We argue Neural Networks have the capability of streamlining these high-dimensional increments by generalizing more smartly. But the complexity has been transferred to other issues. As we alluded before, the choice and fine-tuning of variables and parameters is not something trivial to achieve (either through classical and DL frameworks).

To see how versatile NNs can be, we pushed a little harder and checked if adding more complexity could be coped by Physics-Informed Neural Networks (PINNs). In a modest setup of incremental difficulty, we sure have explored a lot of situations and probed potential means to achieve smarter training.

This strategy of adding new parameters as simple inputs to achieve generalization is the simplest one (but arguably not the most efficient one).

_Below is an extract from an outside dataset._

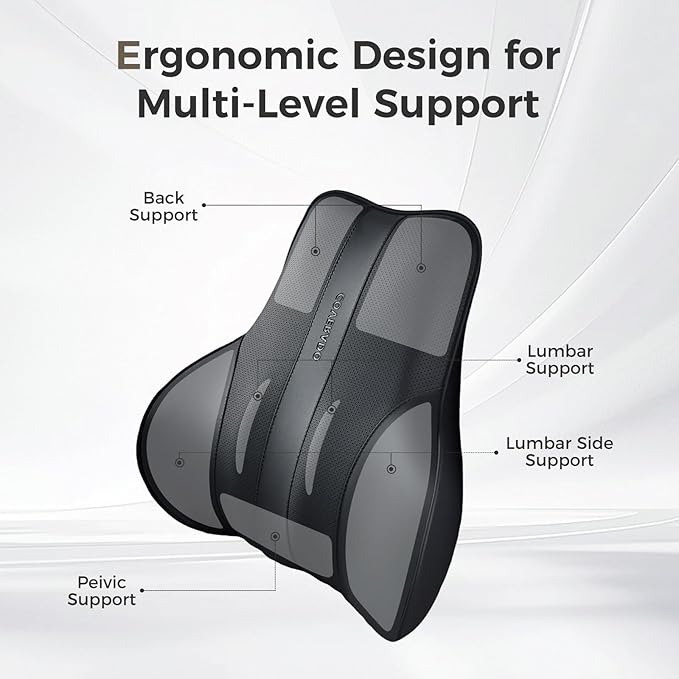 Coverado Lumbar Support Pillow for Car, Ergonomic Memory Foam Back Pillow for Office Chair, New Back Cushion for Pain Relief, PU Leather Car Lumbar Support for Driving Seat - BK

There are several alternatives — a great example is *HyperPINNs* [1], whose
results have been published recently. They result from the fusion of
hypernetworks and the more conventional PINNs. Most importantly, HyperPINNs have
been shown to succeed in achieving generalization — although in a different
implementational flavor.

The outlook message to us is simple to state. The issues pointed out and run experiments illustrate two essential aspects that will need to continue being optimized are different in nature:

the power that Machine/Deep Learning techniques have to propel scientific computing to unseen new paradigms;

the challenges in computation and algorithm architecture caused by evermore realistic and refined systems of interest.

## References & Remarks#

[1] A great introduction to HyperPINNs!